INPUT RECORDS:
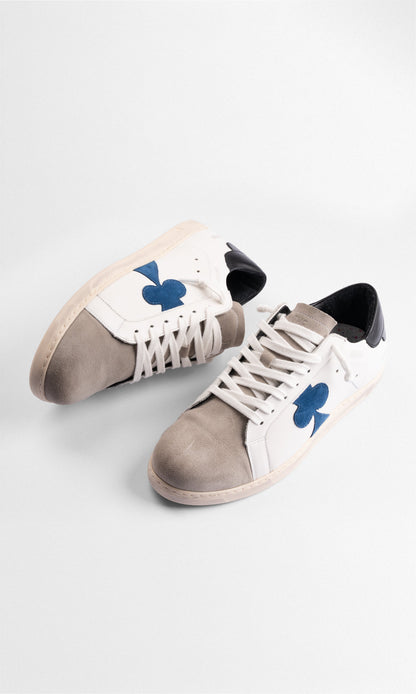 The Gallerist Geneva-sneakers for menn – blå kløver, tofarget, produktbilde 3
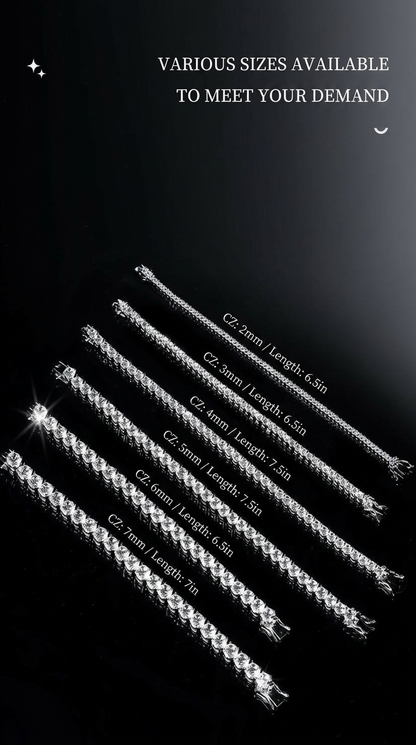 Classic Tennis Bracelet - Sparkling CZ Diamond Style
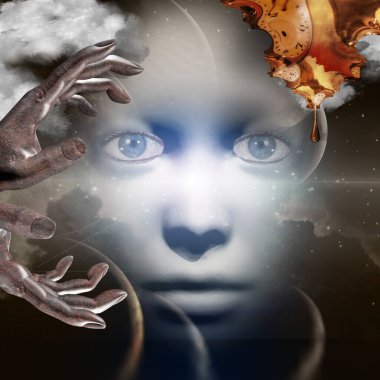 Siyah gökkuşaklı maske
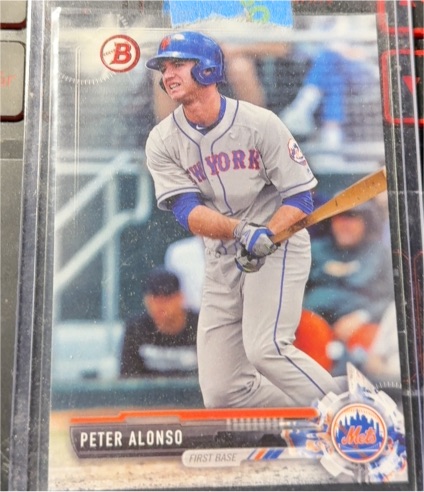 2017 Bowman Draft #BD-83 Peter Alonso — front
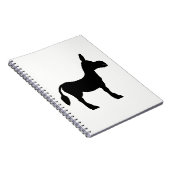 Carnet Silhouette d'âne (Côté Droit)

TASK ITEM:
Transcribe each line above exactly, pictures excluded.

ANSWER TO THE PROBLEM:
 The Gallerist Geneva-sneakers for menn – blå kløver, tofarget, produktbilde 3
 Classic Tennis Bracelet - Sparkling CZ Diamond Style
 Siyah gökkuşaklı maske
 2017 Bowman Draft #BD-83 Peter Alonso — front
 Carnet Silhouette d'âne (Côté Droit)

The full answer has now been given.